São Paulo – Redes sociais como Twitter e Facebook são controladas por empresas transnacionais bilionárias que operam a partir da coleta massiva dos dados dos usuários. Por sua vez, esses dados são analisados por algoritmos “obscuros”, que definem o que as redes sociais devem mostrar a cada usuário. De um lado, as pessoas ficam presas a “bolhas”, recebendo conteúdos que reafirmam suas próprias convicções. De outro, para aumentar o engajamento, são bombardeadas com fake news e discurso de ódio, que causam repúdio e indignação. Sem qualquer “controle social”, essas plataformas se parecem com uma imensa “praça pública”, mas que, na prática, funcionam como “jardins privados”. Assim, a “desintegração” do debate público virou um risco constante aos regimes democráticos.

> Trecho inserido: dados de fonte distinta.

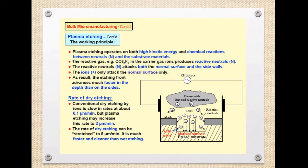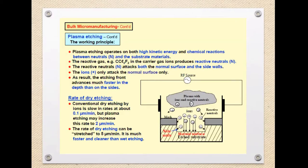The high energy reaction causes local evaporation at the surface of the substrate, resulting in removal of substrate material. In conventional dry etching the rate is very slow at 0.1 micrometer per minute, but in plasma etching we can increase this rate up to 2 micrometers per minute.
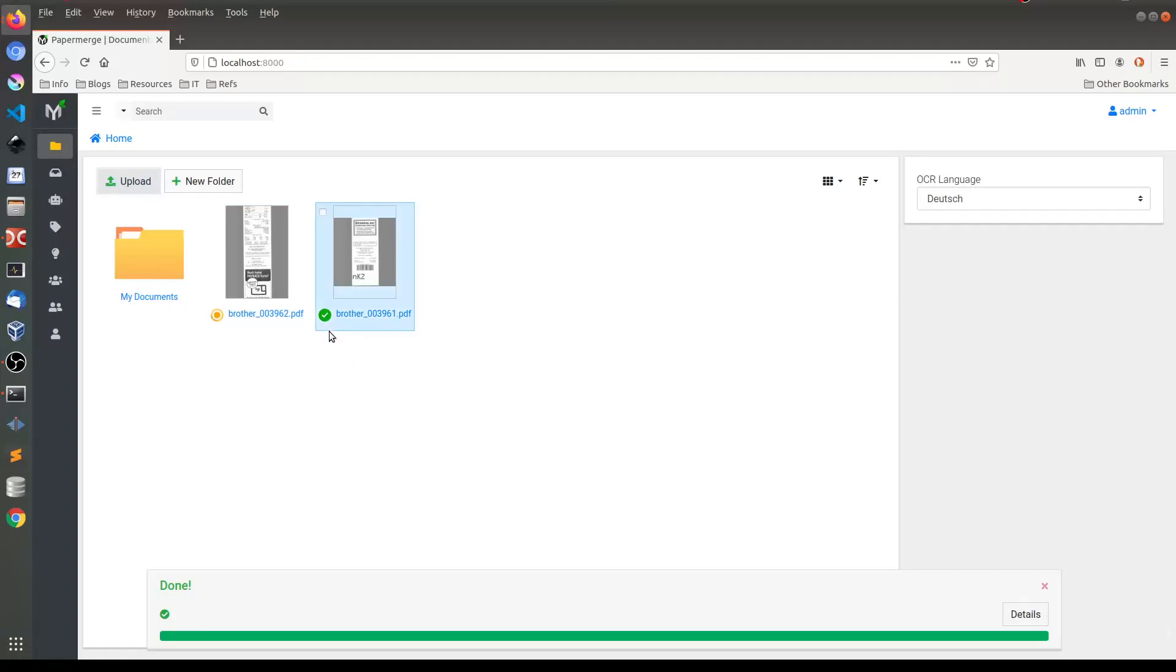And when this green checkbox appears it means first of all OCR is complete and second that your document is ready for being searched.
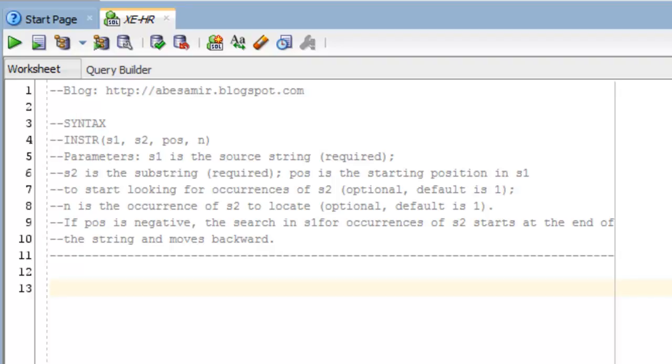So the instr function comes in handy if you're trying to locate a string within another string. Now if you look at the syntax, the keyword's instr, I-N-S-T-R, and in brackets,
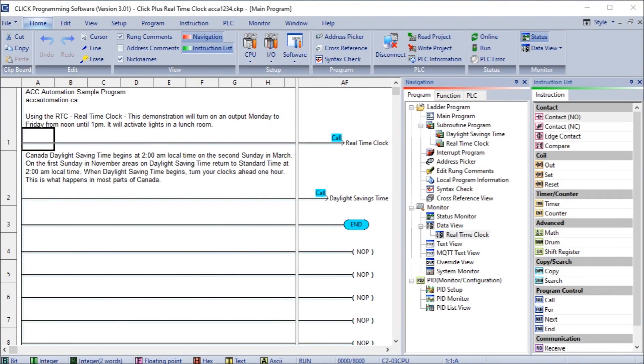Hi everyone, today we're going to be looking at the Qlik Plus real-time clock. Detailed information contained in the video can be found at accautomation.ca. The link has been put in the description below.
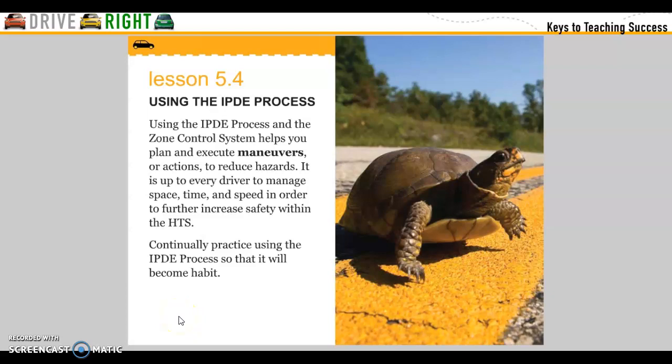Section 5.4. Using the IPTID process and the zone control system helps you plan and execute maneuvers or actions to reduce hazards. It is up to every driver to manage space, time, and speed in order to further increase safety within the HTS.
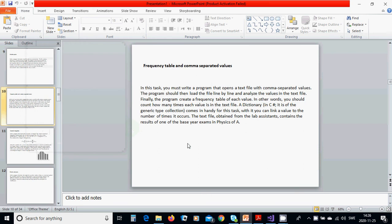Hello everyone, in this tutorial we are going to make a frequency table from comma separated values. We are going to write a program that opens a file with comma separated values.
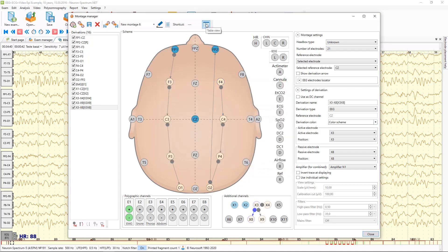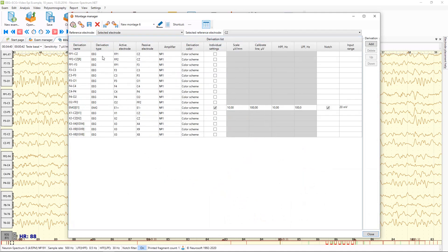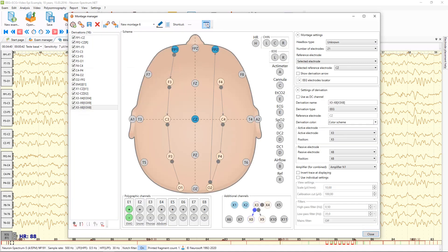Also here you can see the tab view of the montage, where you can see the list of derivations. You can set up all of them using these columns — for example, you can set up filters, scales, and so on.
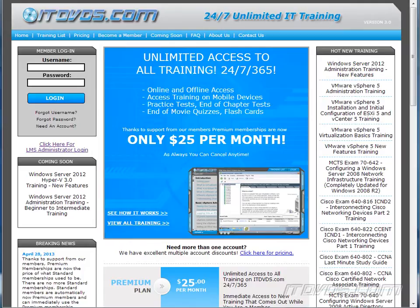This is just a sample of the training available at ITDVDs.com. To see complete training, please go to ITDVDs.com. Let's begin the sample.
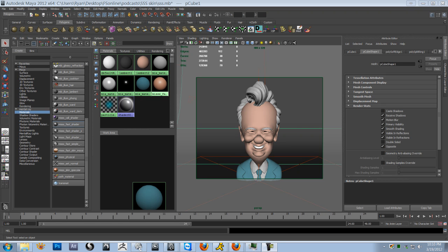Alright, so let's go over some techniques on how to get some really nice skin shading going on. And for that we're going to be using the Mental Ray Subsurface Scattering Fast Skin Shader.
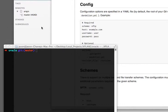Hey guys, this is Jason, and I'm going to cover FTP deployment with Git. Those of you familiar with Git deployment are familiar with doing a Git push to a remote branch and then having that take effect on a live server.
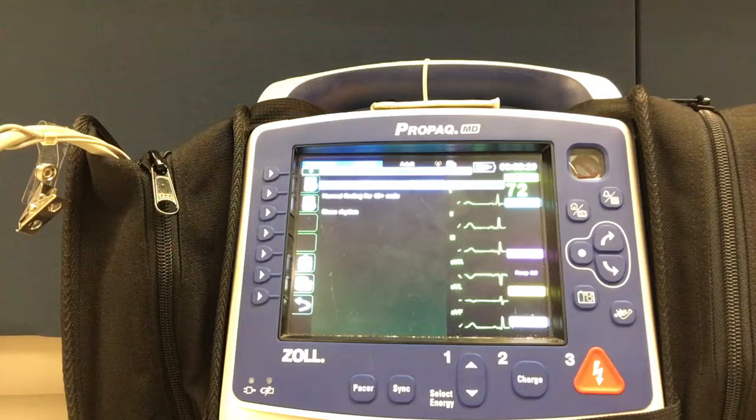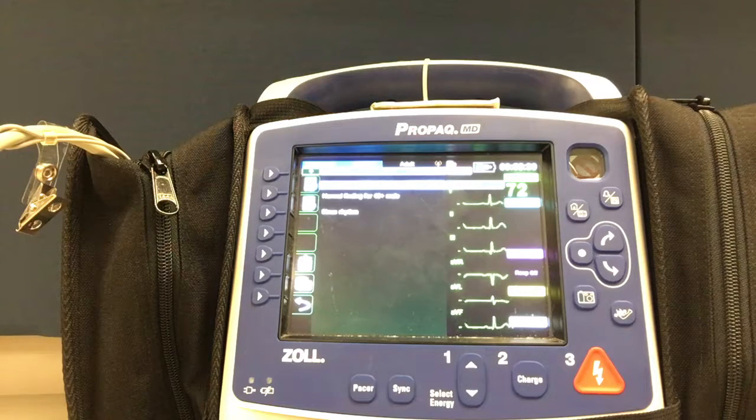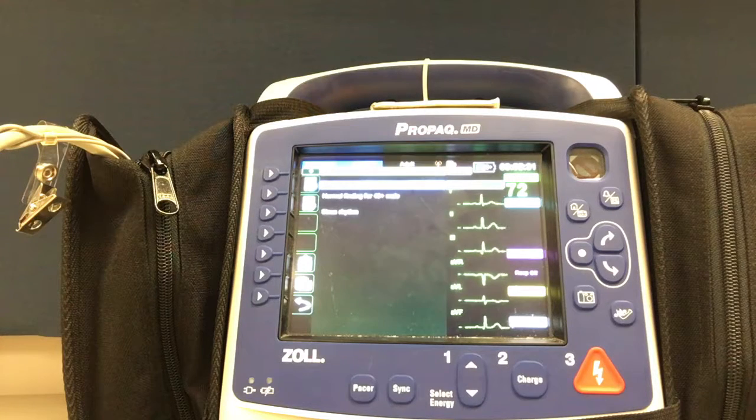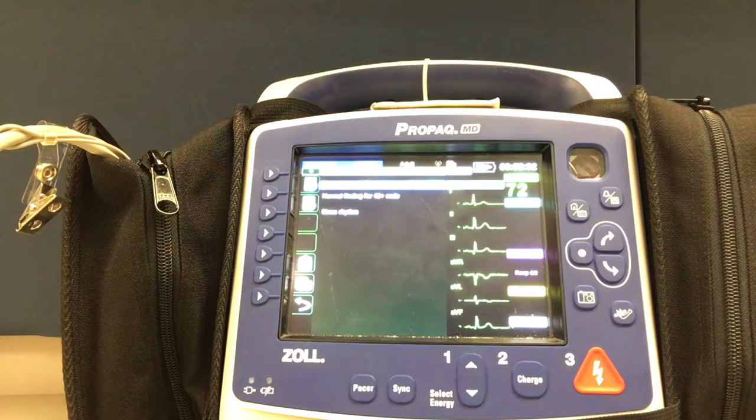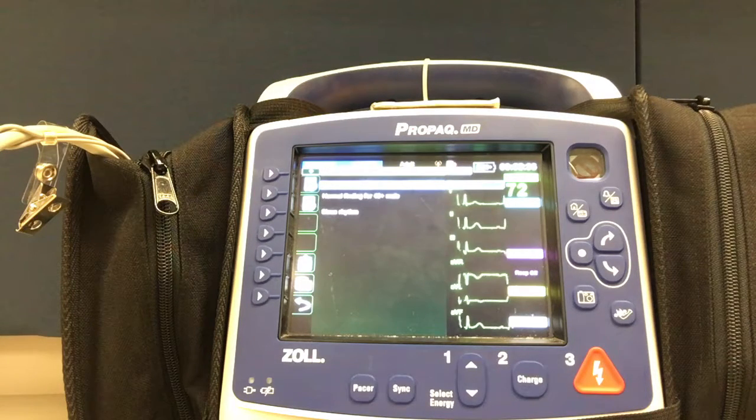This concludes the demonstration on how to obtain a 12-lead EKG with the ProPakMD.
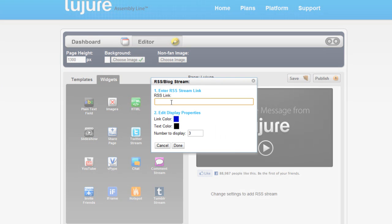Then simply enter the RSS feed link. Be sure it ends in .RSS or it will not work.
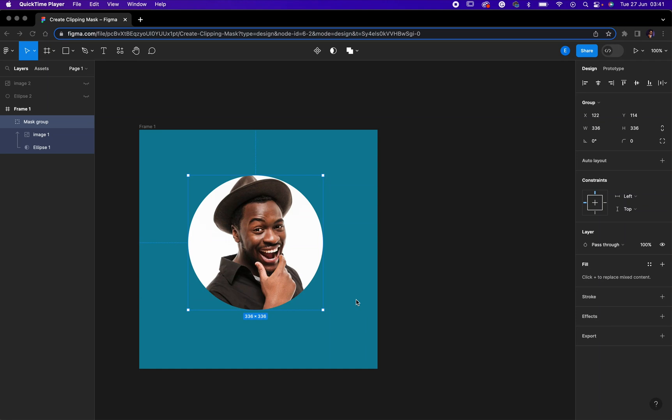Hello friends, how you doing? I'm doing so amazing. Today I want to show you how to create clipping mask in Figma. Although in Figma it is not called clipping mask, it is called just mask.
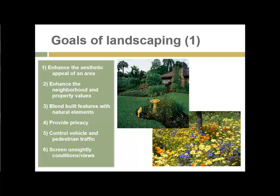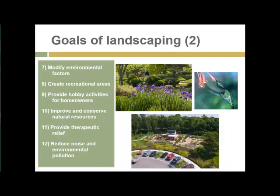The next goal is to blend the built features with the natural elements of a property, provide privacy, control vehicle and pedestrian traffic and direct traffic along preferred lines of access, and to screen unsightly conditions and views. Additional goals include modifying environmental factors such as sunlight, heat, even rainfall, and standing water.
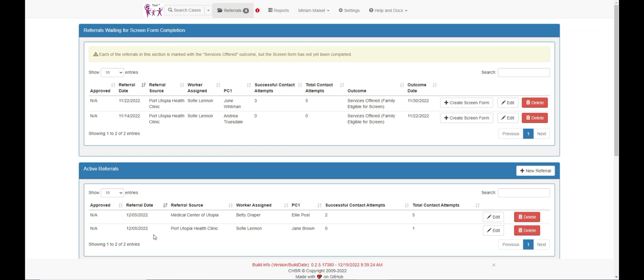Whenever a new contact is made, click the referral button to access the list of referrals. Then click the edit button to the far right of the PC1 name and add the contact information.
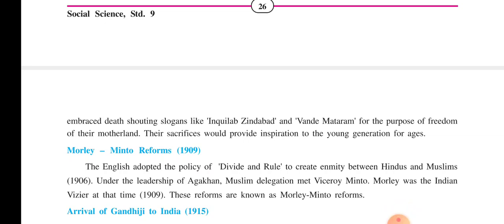Morley-Minto Reforms. The English adopted the policy of divide and rule to create enmity between Hindus and Muslims. Under the leadership of Aga Khan, a Muslim delegation met Viceroy Minto. Morley was the Indian officer at that time, and so the reforms which were prepared after this meeting came to be known as Morley-Minto Reforms.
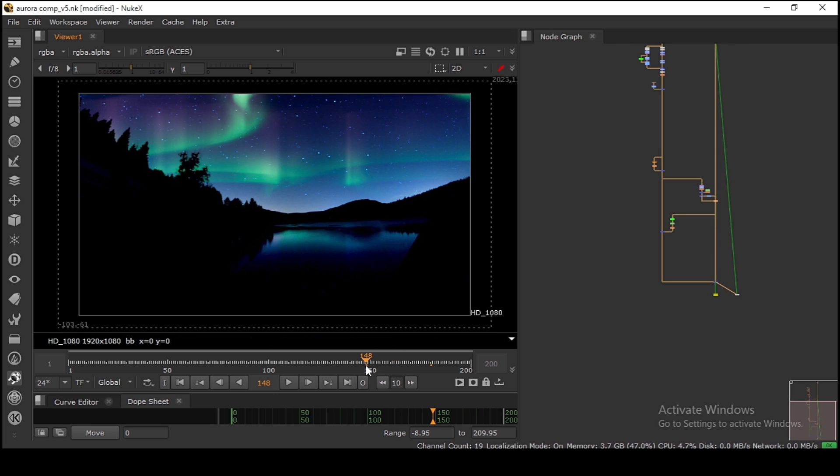This is how you can make Aurora in Nuke. I will also provide you the Nuke file. You can download the file and check the whole script again if you want. Thank you for watching. Make sure to subscribe and stay connected.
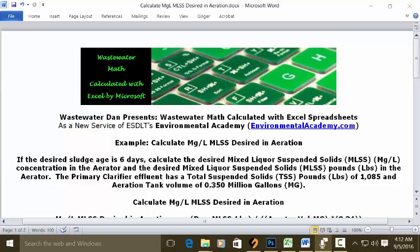Today's problem reads: if the desired sludge age is six days, calculate the desired mixed liquor suspended solids (MLSS) milligrams per liter concentration in aeration, and the desired MLSS pounds in the aerator. The primary clarifier effluent has total suspended solids (TSS) of 1,085 pounds, and an aeration tank volume of 0.350 million gallons.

Esse foi o tema de um dos debates promovidos pelo Fórum Social Mundial Justiça e Democracia (FSMJD) nesta sexta-feira (29), em Porto Alegre. De acordo com o sociólogo Sérgio Amadeu, integrante do Comitê Gestor da Internet no Brasil e professor da Universidade Federal do ABC, o “gerenciamento opaco” e o “poder ilimitado do dinheiro” das chamadas big techs impõem enormes desafios às democracias do mundo. “Precisamos regular democraticamente essas plataformas. Elas fazem parte da esfera pública automatizada, e precisam estar em consonância com a democracia. É preciso dar transparência aos algoritmos, mas só isso não basta”, afirmou.

A jornalista Renata Mielli, coordenadora do Centro de Estudos da Mídia Alternativa Barão de Itararé, alertou que as plataformas digitais interferem cada vez mais nos processos políticos em diversos países. “Todos sabemos que a (ex-primeira-dama) dona Marisa Letícia não foi vista em Roma. Porque ela já tinha sido inclusive sepultada. Mas todos nós compartilhamos, comentamos, com o propósito de denunciar. E estamos incentivando o algoritmo a dar relevância e escala a esse conteúdo”, explicou Renata. “Tudo isso se desenvolve na completa opacidade, sem que saibamos as regras do jogo.”

Transparência

Para os especialistas, a solução passa em buscar dar mais transparência ao funcionamento dessas plataformas. É preciso saber principalmente quais os critérios que elas adotam na moderação e no impulsionamento de conteúdos. “A democracia não convive bem com o poder ilimitado do dinheiro. Essas redes sociais são dutos de desinformação, porque tem gente pagando muito para impulsionar essa desinformação. E quanto está sendo gasto? Não sabemos”, criticou Amadeu.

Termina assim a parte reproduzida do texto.